[LLVMdev] ISRs for PIC16 [was [llvm]r79631 ...]

Mon Aug 24 21:24:39 PDT 2009

Hi Ali,

Thanks for bringing this up. You're definitely under very tight design  
constraints from the hardware. I can certainly sympathize.

I think two design elements are being conflated here, and it would be  
worthwhile splitting them out. For correctness, you need to make sure  
any routines called from an ISR don't clobber equivalent routines  
called from mainline code. For efficiency, you want to overlay the  
static stack frames of functions as much as possible when you can  
prove those frames do not interfere. I believe you can solve these  
problems orthogonally with a bit of fiddling.

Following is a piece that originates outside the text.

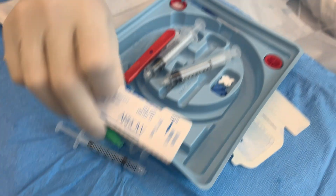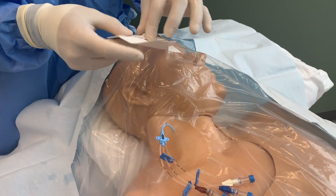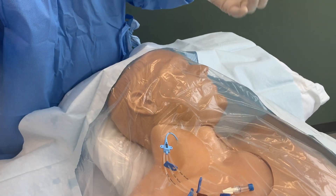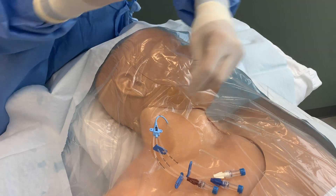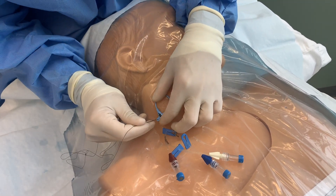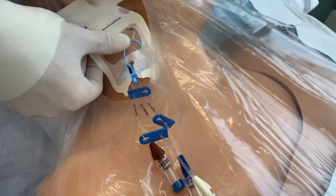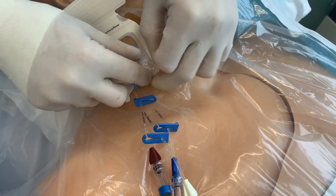Secure the central line using your preferred suturing technique. For dressing, depending on your institutional policy, place a tegaderm with or without a biopatch, and then remove the drapes while securing the catheter.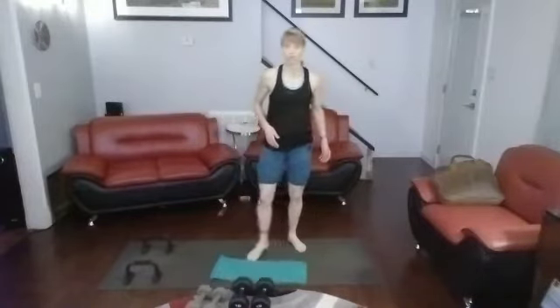Today I'm going to work both the upper body and the core. We're going to start with some alternating punches and then get into some shoulder presses — 20 of each move. So let's get in 20 punches and then 20 shoulder presses.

Parallel call trees for the ISR and the mainline have the following  
primary components:
*  Constructing the parallel trees themselves such that there's no  
overlap
*  Keeping things straight in the presence of user-written assembly
*  Indirect calls (function pointers)

To straightforwardly create parallel call trees, one for the mainline  
and one for the ISR, I believe it will be best to create two versions  
of every function that's compiled very early in the process, before  
any lowering of frames to static addresses or anything of that sort is  
done. The ISR-tree functions should be flagged as such and have their  
names mangled to reflect. Any call instructions in the ISR-tree  
function should be modified to call the equivalent ISR-tree function  
of the callee. Thus, with no further analysis, we have disjoint call  
trees for mainline code and ISR code. We also have a bunch of extra  
functions laying around, but they are unreachable, so existing  
optimizations should get rid of them for us.

When it comes time to allocate static memory space for the call  
frames, we simply have to do it twice. Once for the mainline  
functions, and once for the ISR functions. We can assert that nothing  
can overlap between the trees since we know that the trees are  
disjoint except via the ISR itself. Thus, we don't overlay anything  
from one tree with anything from the other tree. Varargs and should  
come along for the ride without any special handling since the  
functions are distinct well before those are lowered to reference  
static buffers.

User assembly throws a big wrench into the works, but it's not  
irreconcilable. I suggest requiring the user to flag assembly  
functions as being either for mainline or for ISR code. Doing so via a  
naming convention would likely tie in the easiest with the function  
cloning done above. With the convention being sufficiently magic  
(read: not legal C identifiers so as to avoid collisions), the  
assembler can issue diagnostics if a call instruction is seen that  
references a function not in the proper tree. That is, the  
disjointness of the trees will be enforceable even in user assembly  
with a bit of cooperation from the assembler.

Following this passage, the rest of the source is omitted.